Miles Teller has opened up a bit about one of the more distressing moments of his entire career: The way his efforts, post-Whiplash, to fully embrace the Hollywood leading man stereotype (i.e., by getting himself his own superhero franchise) collided full-on with the disaster surrounding 2015’s Fantastic Four. Specifically (per Variety), Teller talked to Andy Cohen on Sirius XM this week about the flop, saying that, “Honestly, maybe there was one really important person who kind of fucked it all up.”
Teller declined to name names for this particular RIP(WKOFIAU), although internet detectives have not had to look super hard to find a likely subject for the Eternity star’s comments. Fantastic Four was, after all, dogged for months by rumors of conflict between director Josh Trank and pretty much everybody else on set—including Teller, who supposedly nearly got into a full-on fist fight with his director over clashing personalities. Everybody tried to make nice in public as the film’s August 2015 premiere approached, with Trank notably doing damage control with producer and writer Simon Kinberg, hoping to dispel rumors he’d been fired from his own movie in all but name.

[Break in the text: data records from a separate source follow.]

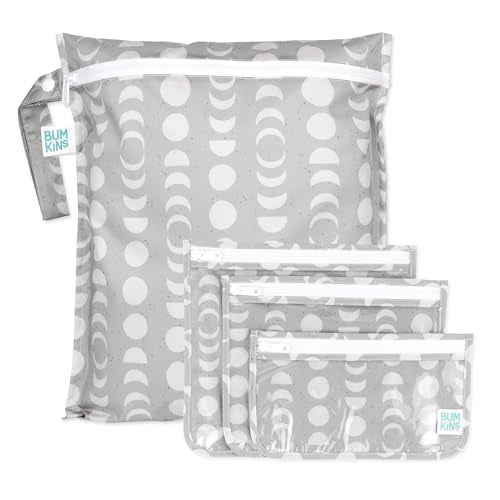 Bumkins Waterproof Wet Bag Clear Travel Bags For Beach Baby Travel Swim Suit Cloth Diapers Pump Parts Pool Gym Toiletries Reusable Easy to Clean Lunar Gray 4 Pack - Image 1
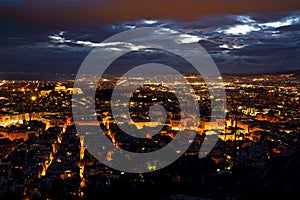 Athens city from Lycabettus Hill at night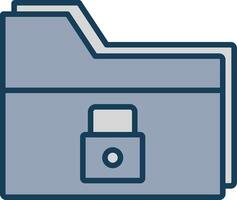 Folder Security Line Filled Grey Icon vector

But then, on the literal night before the movie came out, Trank sent out a since-deleted Tweet bemoaning that audiences would “probably never get to see” the “fantastic version of this” he’d had “a year ago.” (The implication being that studio meddling, reshoots, and seized control of the movie’s final edit had already ruined the film.) The rest was history: A critical drubbing, a box office return that just barely cleared the movie’s budget, and Trank’s vanishing from the list of up-and-coming genre filmmakers he’d been slotted onto in the wake of his 2012 found-footage superhero movie Chronicle. (He probably would have lost the Star Wars movie he’d been working on at that point, too, except he’d already lost it four months earlier; Disney was reportedly unhappy when it heard about how he’d been comporting himself on his first big-budget film set.)
And, again, Teller himself was classy enough not to get into any of this well-known superhero movie lore, beyond pointing out the singular nature of the culprit for his movie’s famed fucking up. (He does note that “When I first saw the movie, I remember talking to one of the studio heads and said, ‘I think we’re in trouble,'” which suggests that he was not as enamored with Trank’s initial, reportedly much more somber, cut of the film than the director himself was.) The actor mostly just sounds kind of wistful at the missed opportunity, saying of his co-stars (which included Kate Mara, Toby Kebbell, Jamie Bell and Michael B. Jordan) that “The casting, I thought, was spectacular. I love all those actors… It’s unfortunate…because so many people worked so hard on that movie.”